Stanley Robertson tuvo su primer trabajo en Aberdeen, en Escocia, su ciudad natal. Tenía 15 años. Y 69 cuando falleció de un infarto de miocardio. La noticia fue lamentada por muchos escoceses. Durante 47 años se dedicó a alimentar las máquinas de la pescadería de Aberdeen con un río interminable de abadejos y arenques. Trabajaban éstas a una velocidad de vértigo. Cercenando con sus cuchillas las aletas y otras partes de la anatomía de los peces. El problema eran siempre sus manos. Despellejadas por la salmuera y los adobos, éstas ponían a prueba a la anciana que tenía en la pescadería la misión de aliviar el dolor de las manos de los trabajadores con sus vendajes y ungüentos. Además de esa buena samaritana, había otra gente estupenda a su alrededor. Como aquellas ásperas y bondadosas comadres de Aberdeen. Las que le gritaban a Stanley cuando el sueño le acechaba y las cuchillas también.

Él decía que cada año le llegaba desde más allá del horizonte una voz lejana. Venía de un mundo arcaico, de druidas y magos. Obligaba ésta a Stanley Robertson a dejar su trabajo por una temporada. Pues no en vano él descendía de una antigua familia de Travellers. De viajeros. En el noreste de Escocia los Travellers son los nómadas itinerantes - primos hermanos de los gitanos - que recorren los caminos compartiendo su sabiduría con aquellos que desean oír sus versos y sus baladas. En una mezcla del gutural inglés de la Escocia profunda y el gaélico primigenio, recitaban sus creaciones, cantándolas por calles y plazas. Stanley era el mejor.

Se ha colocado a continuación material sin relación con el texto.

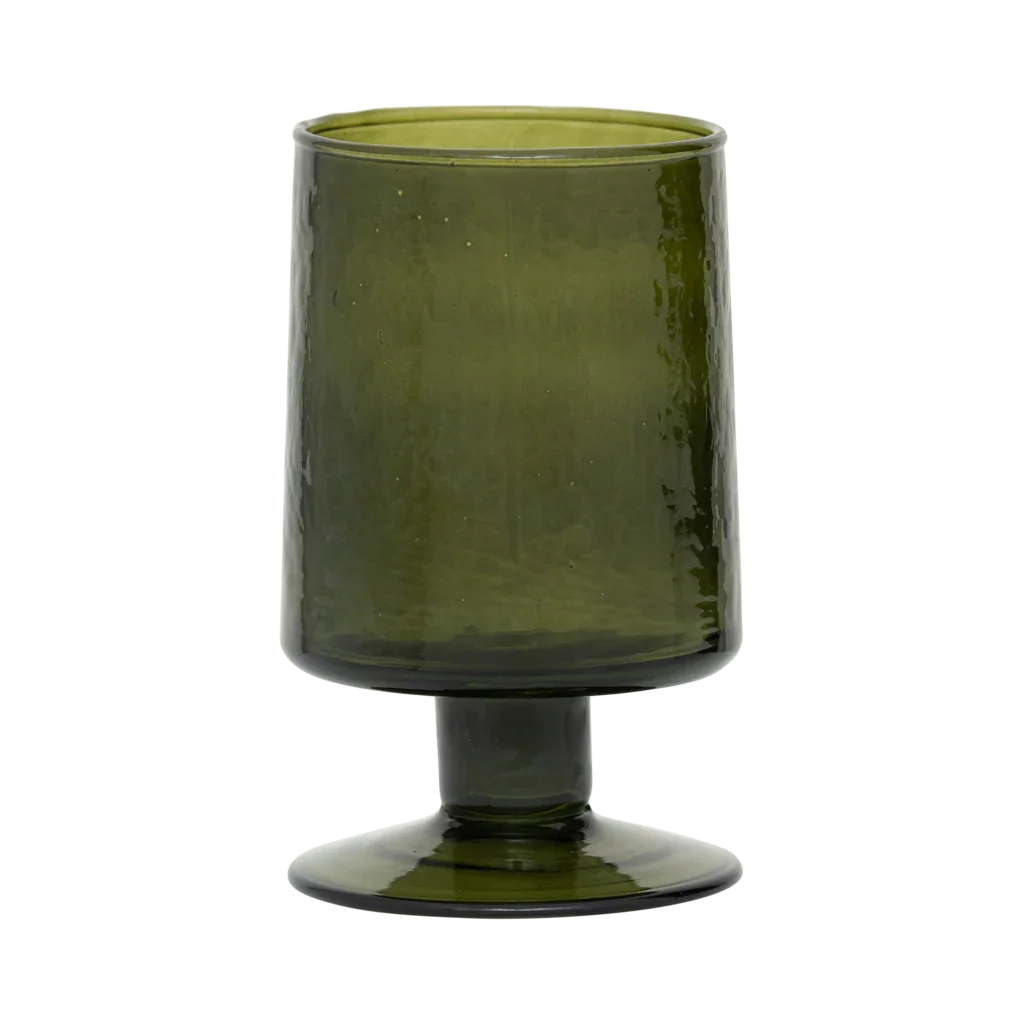 Wijnglas gehamerd bananenpalmgroen (set van 4)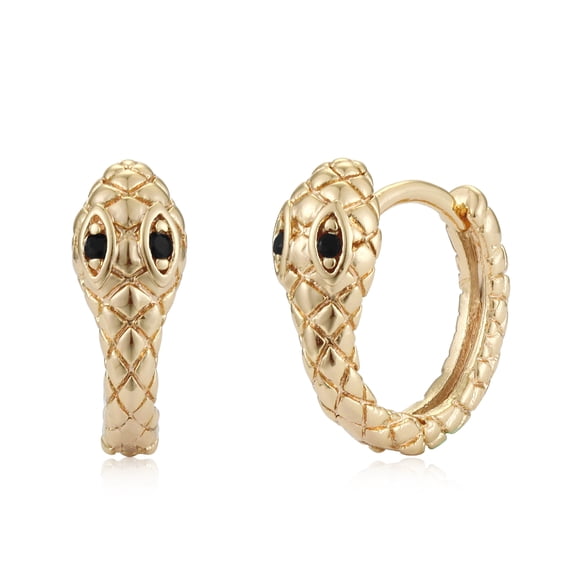 Fettero 14K Gold Plated Dainty Bead Dangle Drop Snake Huggie Hoop Earrings Jewelry Gift for Women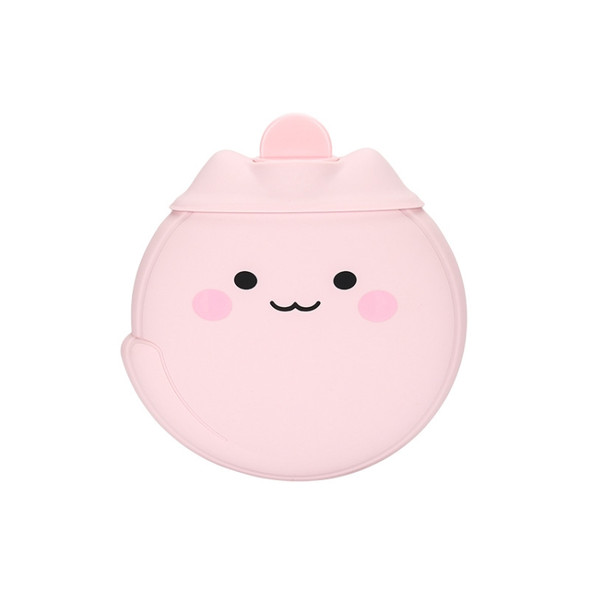 Cartoon Silicone Mini Warm Belly Warm Palace Water Injection Explosion-Proof Warm Water Bag(Coral Powder)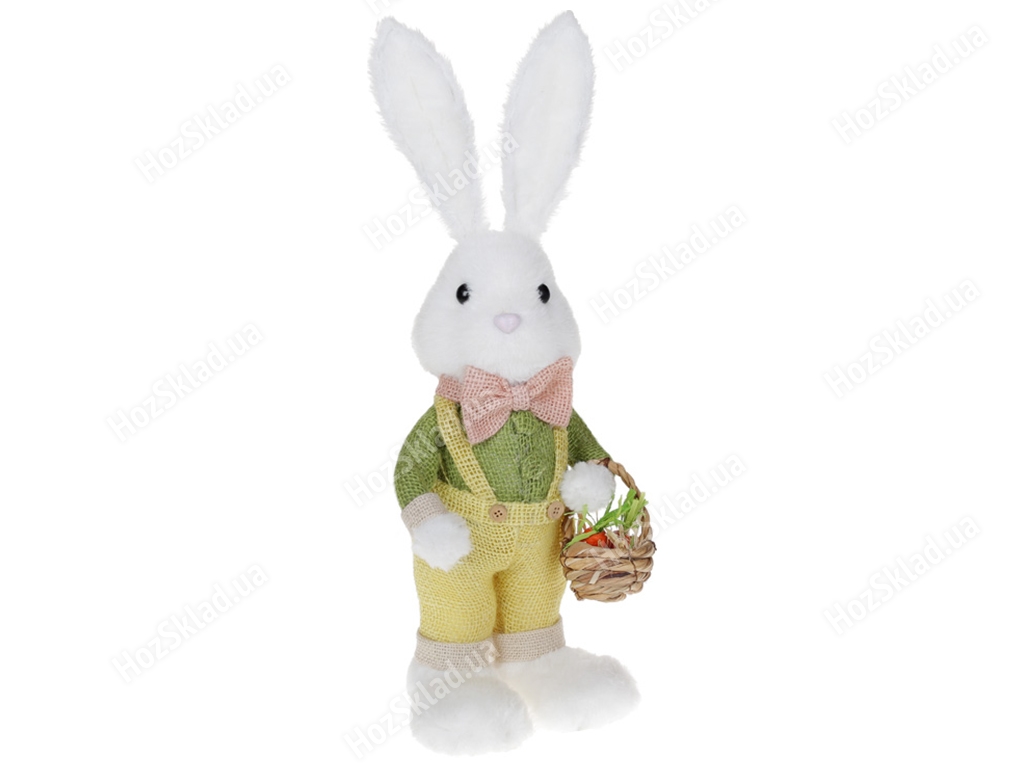 Декоративна великодня фігура Кролик з кошиком, 46см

Él les enseñaba a los que querían oírle que aquellas marionetas del teatrillo de la vida - la codicia y la vanidad - se asomaban para engañarnos a través de las cuencas de los ojos de una calavera. La verdadera realidad era lo otro. Lo que no se veía. Lo que llamamos leyendas o ensoñaciones. «Me lanzaré de nuevo a los caminos, cuando los campos se cubran de oro». Siempre perdonaba el rechazo de los que se apartaban de él en el autobús de Aberdeen. «¡Qué pestazo a pescao!».

Con el tiempo Escocia reconoció que Stanley Robertson era el más grande de sus viajeros, el más persuasivo de sus contadores de historias. La Universidad de Harvard y el Smithsonian le reclamaron desde las orillas norteamericanas del Atlántico. Y la Universidad de su ciudad, Aberdeen, le nombró doctor ´honoris causa' por su contribución a la recuperación de las antiguas tradiciones escocesas.

Pero Stanley seguía sin fiarse de las imposturas de la codicia y la vanidad. Cuando tenía que aparecer en público utilizaba su atuendo como una declaración de principios. Siempre fue fiel a aquellos tiempos de la pescadería. Y por respeto a ellos siempre se negó a llevar sus ropas de faena en un escenario o ante los focos de las televisiones o en sus conferencias. Y aún menos, sus botas impermeables, las indispensables ´wellies'. Aparecía siempre ante el público con un discreto traje oscuro y una corbata. Y con una gorra que resultaba demasiado pequeña para la redondez de su cara. Un ´gentleman' jamás se pondría una gorra así. Pero Stanley Robertson no quería parecer un ´gentleman'. Ni olvidar que él solo había sido un Traveller, un currante, que además olía a pescado.